Move across the country, switch practice areas or join a set you do not feel drawn to. It doesn’t matter, because once you get your foot in the door and secure tenancy, you have earnt your golden ticket into the club.
After all the blood, sweat and tears we pour into our degrees, you owe it to yourself to be in an environment that values you and deserves you. But why do so many of us try to contort ourselves into something we are not?
My answer: I fear failure and the chances of success are so slim.
I am going to be far more selective next year. That doesn’t mean I won’t make a healthy number of applications. It means I will be more deliberate about where I apply and why.
When sifting through the adverts in November, my advice is to:
Look at the general website
Look over the pupillage prospectus
Dig deep into their news archives
Understand the common denominators in its members
Look at social media
Silence is Not Necessarily the Enemy (Lesson Four)
Silence is not evidence.
Silence is not a signal.
Silence is not a verdict.
Silence, is just that… silence.
This year, many Chambers took far longer to respond than in previous cycles. I also signed up to sites like The Student Room and Pupillage Pulse, a decision I seriously regret. I personally found that it only enhanced a toxic cycle checking, refreshing, comparing and
spiralling.
That cycle became unbearable. Its toxicity also seeped into my relationships where I would sit in restaurants glued to my phone and every conversation somehow circled back to applications. It was exhausting for me and everyone around me.

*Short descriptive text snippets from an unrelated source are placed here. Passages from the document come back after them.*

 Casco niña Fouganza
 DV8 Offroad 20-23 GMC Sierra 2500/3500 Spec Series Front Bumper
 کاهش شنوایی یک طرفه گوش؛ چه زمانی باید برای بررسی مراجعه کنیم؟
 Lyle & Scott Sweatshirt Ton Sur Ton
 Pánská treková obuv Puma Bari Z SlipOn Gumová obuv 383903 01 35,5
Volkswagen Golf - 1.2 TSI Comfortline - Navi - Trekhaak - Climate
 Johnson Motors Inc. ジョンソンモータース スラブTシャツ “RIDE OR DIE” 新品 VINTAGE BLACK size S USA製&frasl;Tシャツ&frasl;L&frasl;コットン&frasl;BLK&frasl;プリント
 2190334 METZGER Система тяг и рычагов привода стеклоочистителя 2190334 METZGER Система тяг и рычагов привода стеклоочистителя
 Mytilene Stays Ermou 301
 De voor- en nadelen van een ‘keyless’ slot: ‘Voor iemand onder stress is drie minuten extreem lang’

Until this year, I had only been rejected by silence once. It happened through a LinkedIn post congratulating successful candidates on their interview offers … I had received nothing.

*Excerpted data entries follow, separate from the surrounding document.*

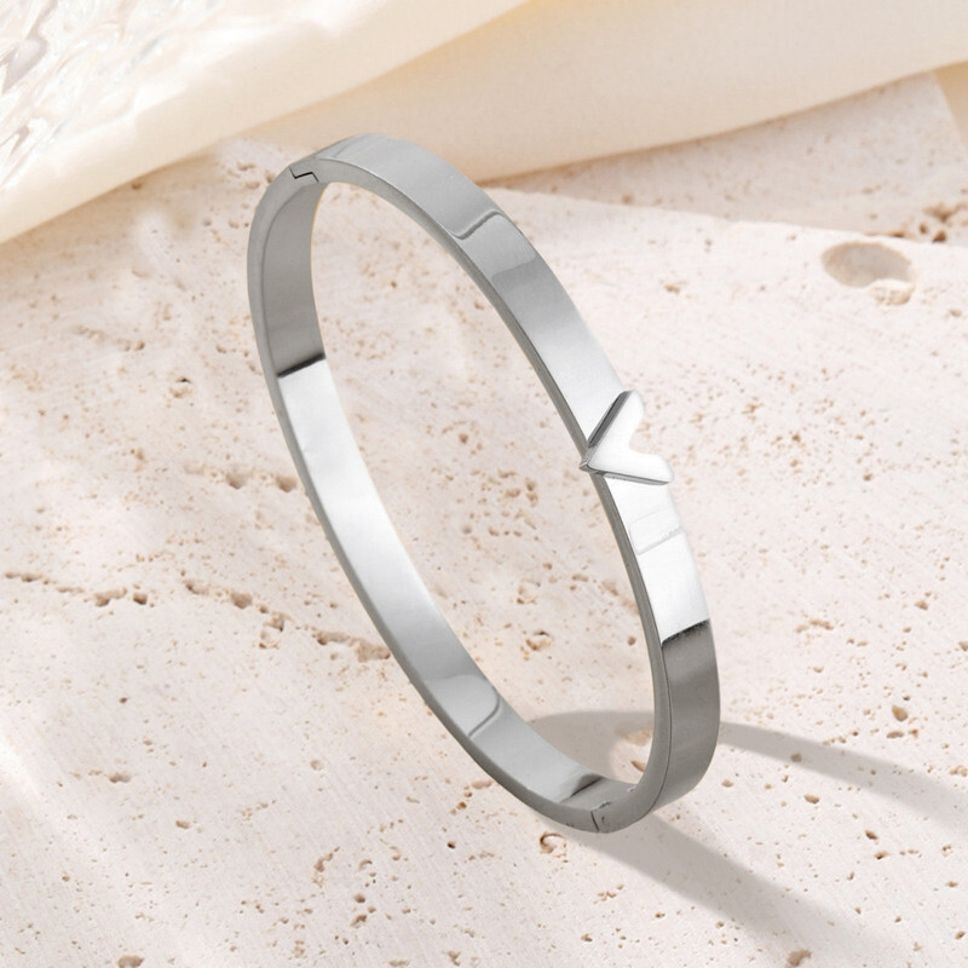 MYKI Splendid Bracelet (MKBRAD619-CSS)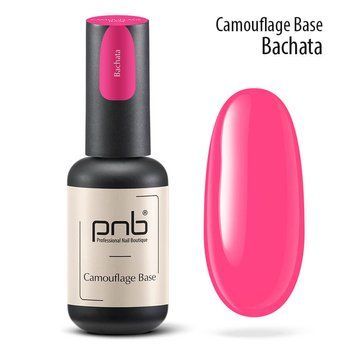 UV/LED Camouflage Base PNB, Bachata 8 ml PNB-2142 фото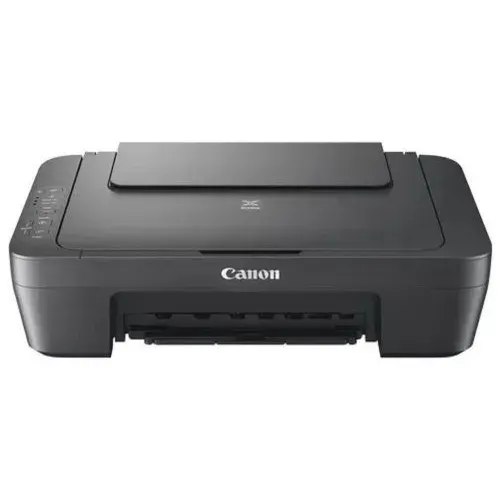 МФУ струйный Canon Pixma MG2541S (A4, принтер/копир/сканер, 4800x600dpi, до 8чб/4цв.ppm, USB) (0727C067)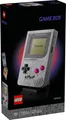 LEGO 72046 - Nintendo Game Boy | Set mit 421 Teilen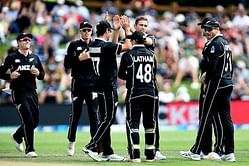 NZ vs BAN: तीसरे वन-डे में बांग्लादेश को 88 रन से हराकर न्यूजीलैंड ने 3-0 से सीरीज जीती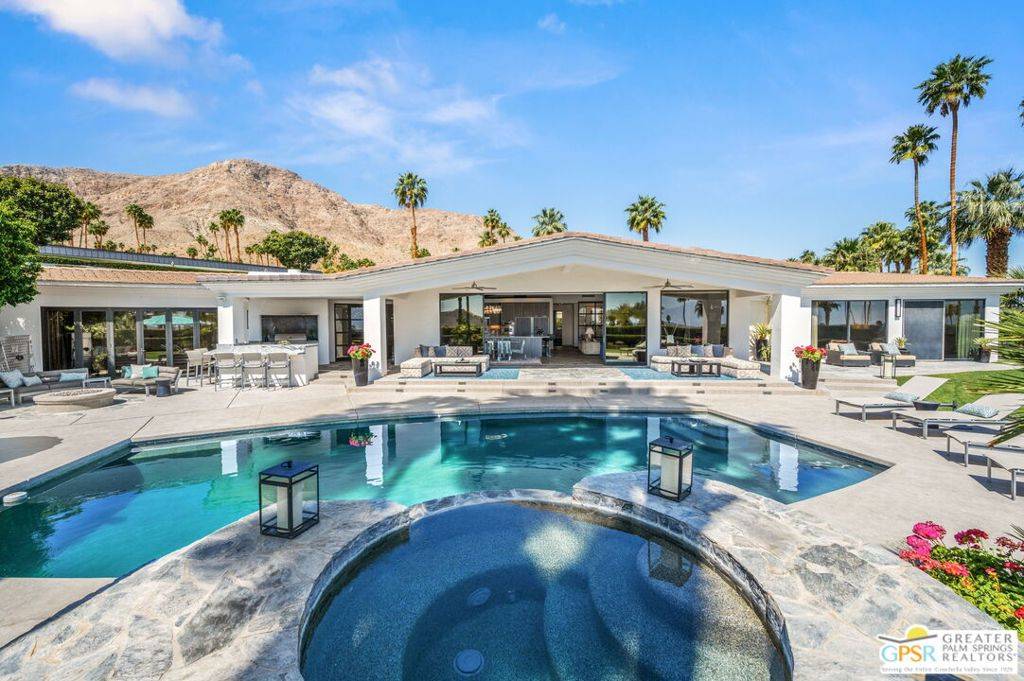 Rancho Mirage, CA 92270,40815 Tonopah RD
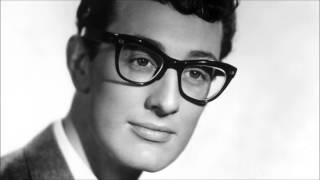 Buddy Holly - I&#39;m Gonna Love You Too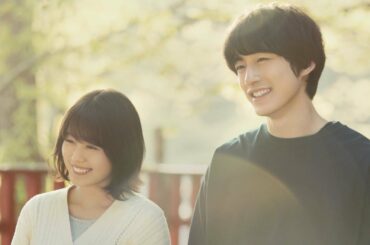 有村架純x坂口健太郎主演ドラマ「キミスイ」監督で映画化決定　『劇場版 そして、生きる』予告編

This year, it happened again. Only this time I had found out through others that first-round interviews had gone out and were scheduled for a Saturday. I later found out that second-round interviews had been arranged. Throughout all that time, my gateway status remained ‘in progress’. More than two weeks passed before my status changed to unsuccessful.

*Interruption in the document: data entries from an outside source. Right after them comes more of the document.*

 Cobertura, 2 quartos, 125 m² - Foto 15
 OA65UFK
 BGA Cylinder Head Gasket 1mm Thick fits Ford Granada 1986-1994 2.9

Being rejected by silence feels undignified. After spending hours drafting answers and giving the process everything you have, silence feels like a dismissal of the effort you put in.
What I will take forward into next year is: -
Label it
When your brain starts trying to create meaning out of silence, remain
yourself that you are trying to create meaning where there is none. Labelling it interrupts the spiral.
Contain it
I won’t tell you to stop checking, that would be hypocritical. My advice would be to create boundaries. For me going forwards, I will only check at set times than constantly refreshing.
Finding Your Life Outside of Law (Lesson Five)
One of the biggest challenges I have faced is learning how to build a life that isn’t entirely consumed by the profession. In a world where the odds are stacked against you, it is naïve to assume that you will secure pupillage immediately after qualifying.
Many imagine the path to pupillage is linear, but it isn’t. I recently went to an event where one of the speakers said something that stayed with me: ‘the best practitioners always have the messiest career paths’. As painful as it is, having a backup plan is not a sign of doubt, it is a sign of realism and resilience.
It took the passing of a close family member for me to realise just how narrow my world had become. I was the student who sacrificed everything (other opportunities, friends and missed family gatherings) because at that time, nothing mattered unless it was legal related. It automatically fell to the bottom of my priorities.
The truth is harsh: you often don’t realise what you have until it is gone.
Maintaining a sense of purpose outside of the law reminds you that your value is not defined solely by your CV. Now, I am far better at managing the boundaries. I keep a strict
separation between my home life and my work life. I have also found interests outside of the law. That doesn’t make me any less committed, it makes me more resilient, more focused and more human.